Oh, and did you know that Google is a graphing calculator now? So if anyone's having trouble visualizing:

I humbly stand corrected.

 

[BladeVenom]

42

 

[Maximilian]

... idk

 

[DrPizza]

If the above diagrams are right, then the key is to draw an additional chord from the end if the chord to the other end of the first diagonal, making another right triangle that is similar to the one in question.

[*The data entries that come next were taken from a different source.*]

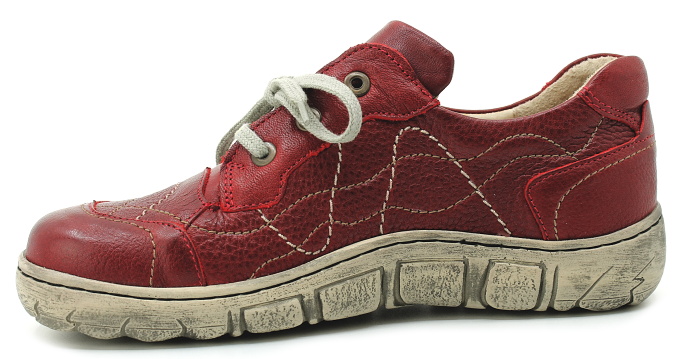 KACPER 2-0155 red, dámské polobotky vel.36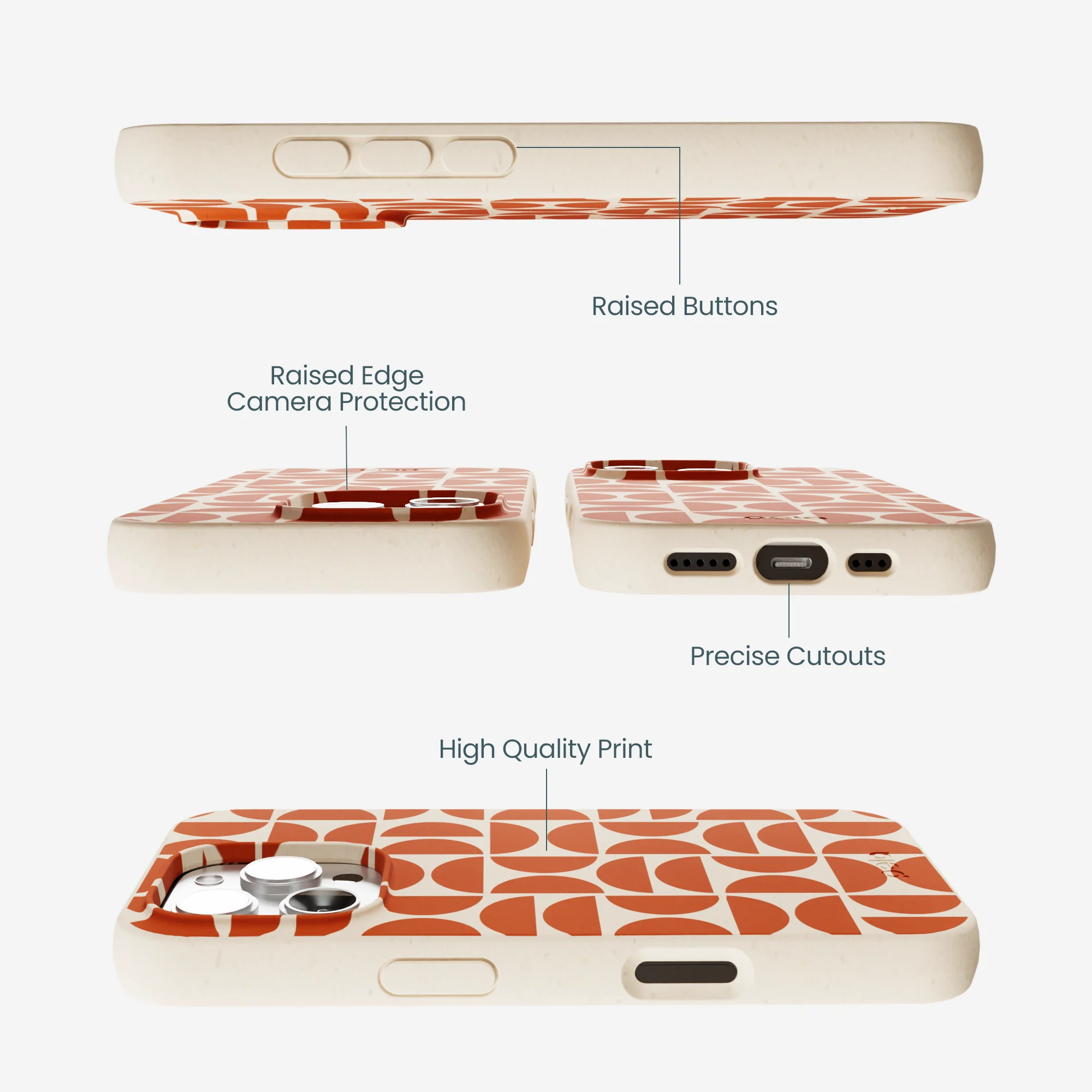 Seashell Paprika Play iPhone 16 Pro Max Case - Image 3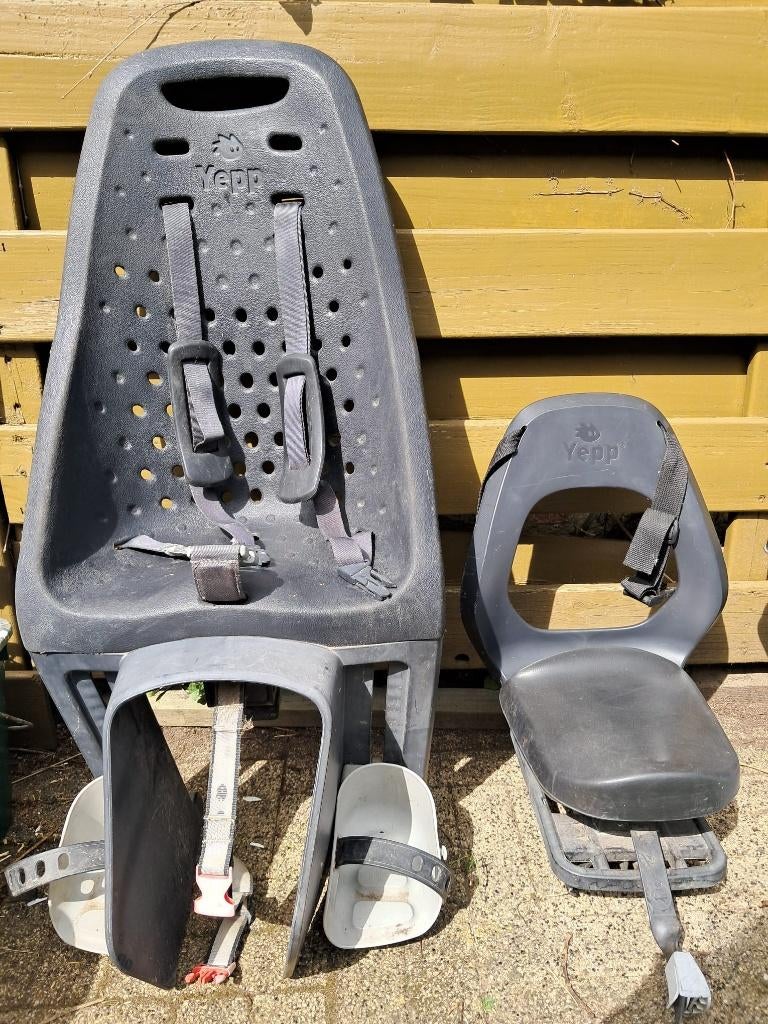 fietsstoeltjes Yepp, Fietsen en Brommers, Fietsaccessoires | Fietsstoeltjes, Ophalen, Achterzitje, Gebruikt, Yepp (Thule)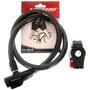 Antifurt Incuietoare cablu CROSSER CL-823 15x900mm - Negru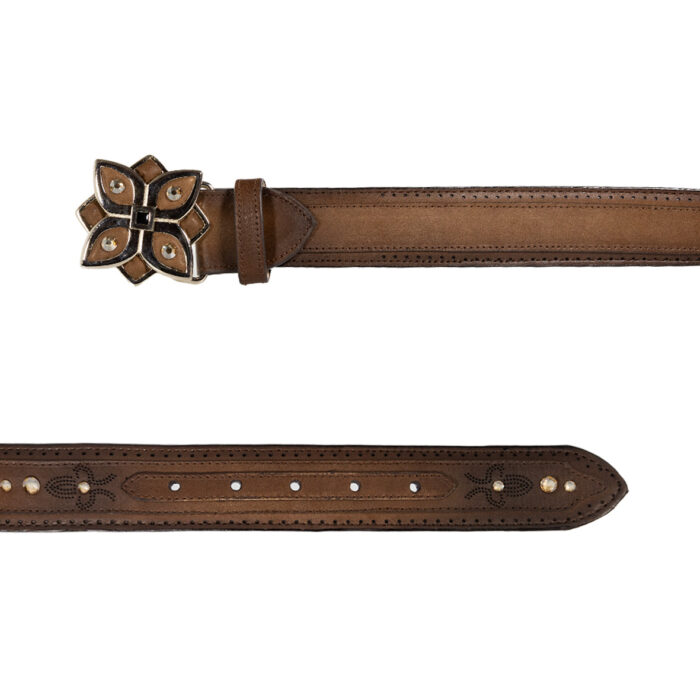 Cinturon Mujer En Piel Autentica Cuadra Cda10Rs - Imagen 3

Now with solutiony goodness below

Triangle BDE is similar to ABC, therefore,
BE/BD = BC/AB, with BC=3/4*BD
Rearranging that, you end up with the ratio of AB to BC is 2/sqrt(6). The angle is ~35 degrees per the posts below

Thanks. That extra chord, with a neatly drawn picture made all the difference in the world. I was drawing it in my head and overlooked the right angle. From that point on, the rest follows easily. I knew it would be easy; I just kept making harder and harder by drawing all sorts of extra segments.

 

[piasabird]

A lot depends on where the perpendiculars intersecet? You didnt specifically say it was the center of the circle.